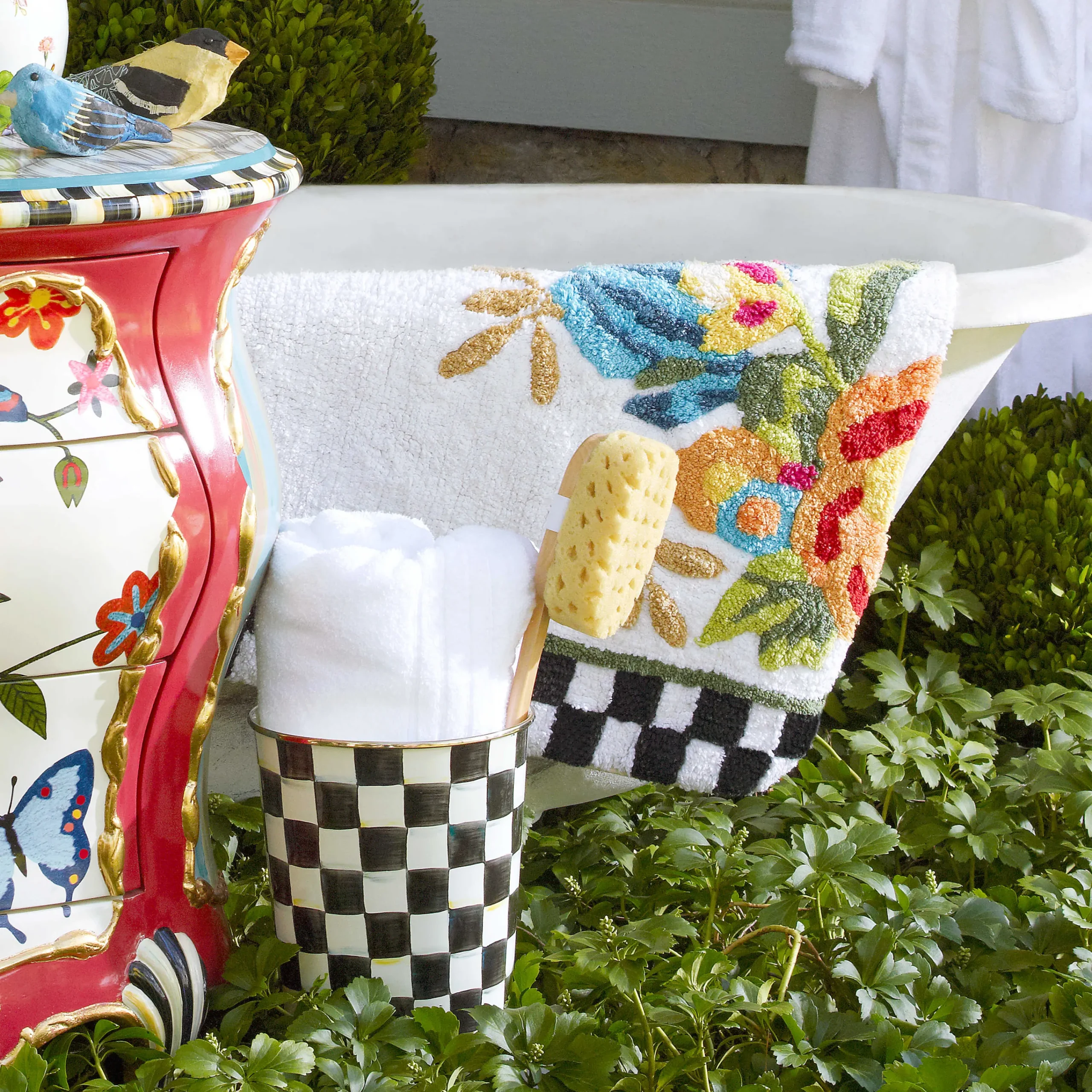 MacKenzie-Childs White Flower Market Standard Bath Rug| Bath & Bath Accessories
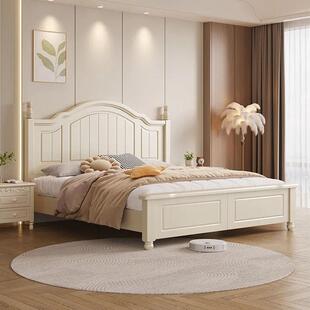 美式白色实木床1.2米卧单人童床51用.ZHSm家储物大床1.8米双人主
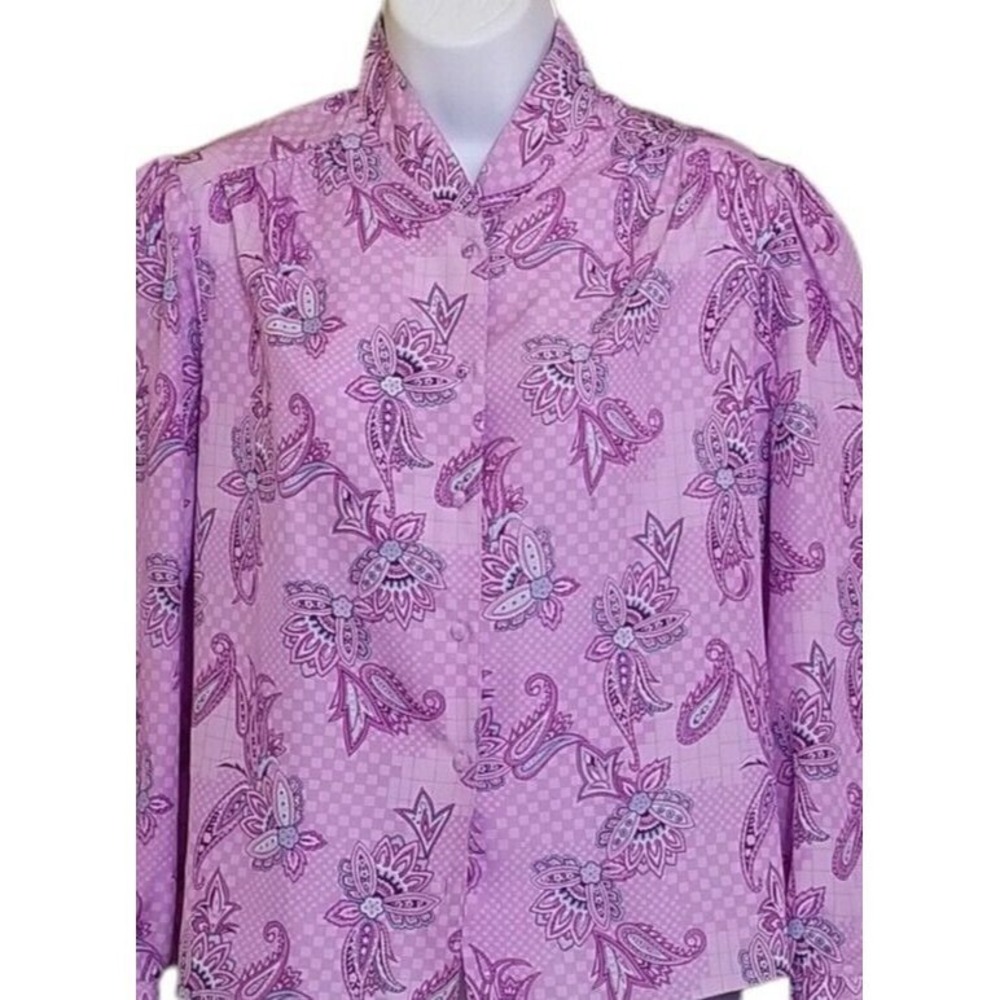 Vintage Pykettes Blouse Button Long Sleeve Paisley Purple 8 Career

========

### TASK DESCRIPTION
Starting at the line that contains "美式白色实木床1.2米卧单人童床51用.ZHSm家储物大床1.8米双人主", transcribe every line through the end of the listing exactly, including both end lines and excluding pictures.

### SOLUTION FOR THIS TASK
 美式白色实木床1.2米卧单人童床51用.ZHSm家储物大床1.8米双人主
 Vintage Pykettes Blouse Button Long Sleeve Paisley Purple 8 Career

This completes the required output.